И убежала в ванную комнату плакать.
Соня Степанцева
Отправить прямо с поезда в школу – натуральное зверство. Я и накануне ночь почти не спала – до трех утра репетировали. А сегодня в поезде вообще не получилось. Сначала с девчонками шепотом болтали, потом уснуть не могла. «Переваривала». Треволнения дня, свою победу, кубок. Грядущую поездку в Лондон, на Европу. Про сестру с зятем думала. Зять, смешное название. Зять – любит взять, как говаривала мама. Зять Зиновий. Мне никто, но кажется таким родным… И Сашенька, конечно, тоже.
Уснула только в районе Твери. А через полтора часа уже разбудили.
Пока ехала в метро, предвкушала, как дома отмокну в ванне с пеной и завалюсь спать. Но отец оказался неумолим: четверть кончается и без того два дня пропустила. К первому уроку не успела? Ничего, пойдешь ко второму.
Сорок пять минут алгебры я бессмысленно хлопала глазами на доску и гадала: куда бы сбежать? Домой нельзя – мама на пенсии, сидит, бдит. К подругам по танцевальной школе? Их небось учиться не погнали! Но все в разных концах Москвы, добираться – целая история.
Однако выход нашелся.
Пошла на перемене в спортивный зал и выложила физруку всю правду. Тот взглянул сочувственно:
– Суровые у тебя родители.
И отворил дверь подсобки. Гора матов, тепло, уютно, тихо.
Я вырубилась мгновенно – и проснулась ровно к концу шестого урока, в 14.10.
Достала из портфеля зеркальце – лицо в полном порядке, щеки румяные, губы розовые. Зато форма измята до неприличия, но раздеться и сложить одежду, прежде чем уснуть, в голову не пришло. Да и стремно было раздеваться.
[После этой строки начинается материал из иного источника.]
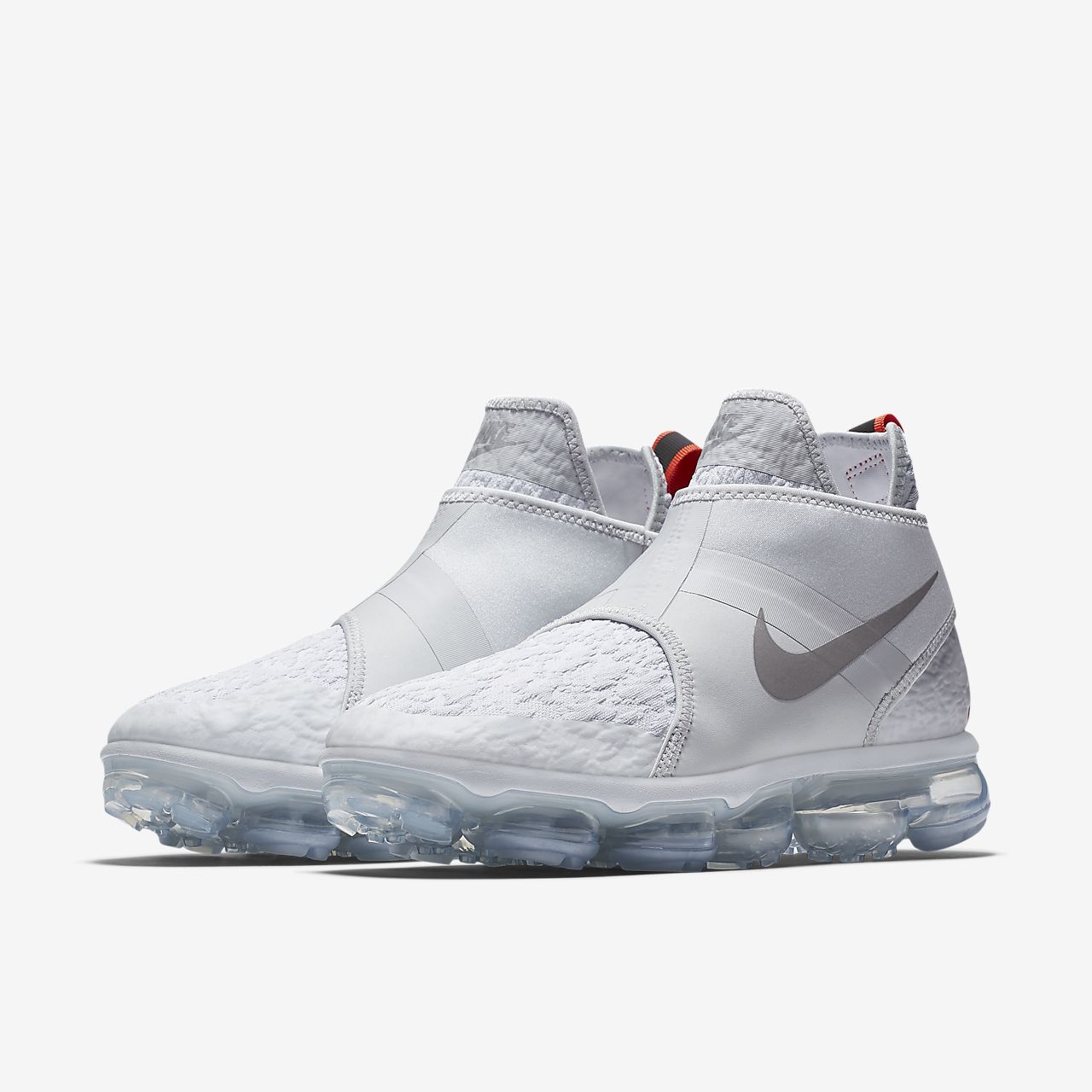 nike air vapormax men nike air vapormax men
Физрук молодой, старшеклассники борзые.
Как могла, разгладила юбку. Выбралась наружу, поблагодарила учителя физкультуры и отправилась в раздевалку. Домой, домой! Сейчас мне никто не запретит, наконец, вымыться и завалиться в чистую, мягонькую постель. Не спать, поковыряться в айпаде.
Народ из раздевалки уже схлынул. Я быстренько оделась и выбежала на улицу.
Прямо у ворот школы, преграждая пожарный выезд, стоял «Инфинити».
Сначала я увидела страшно огромный букет цветов на переднем сиденье. И лишь когда из машины вышла Людмила Аркадьевна – поняла, что цветочки – для меня.
* * *
От «Коринтии» до Пулково Саша с Зиновием добрались за рекордные сорок минут. Но на самолет в 11.40 все равно не успели. Пришлось лететь следующим.
В Москве приземлились в 13.15. В половине второго уже садились в ВИП-такси. Вдохновленный двойным счетчиком водитель домчал до школы за час.
Александра всю дорогу набирала и набирала номер дочери. И каждый раз женщина-робот ей повторяла, что аппарат абонента выключен.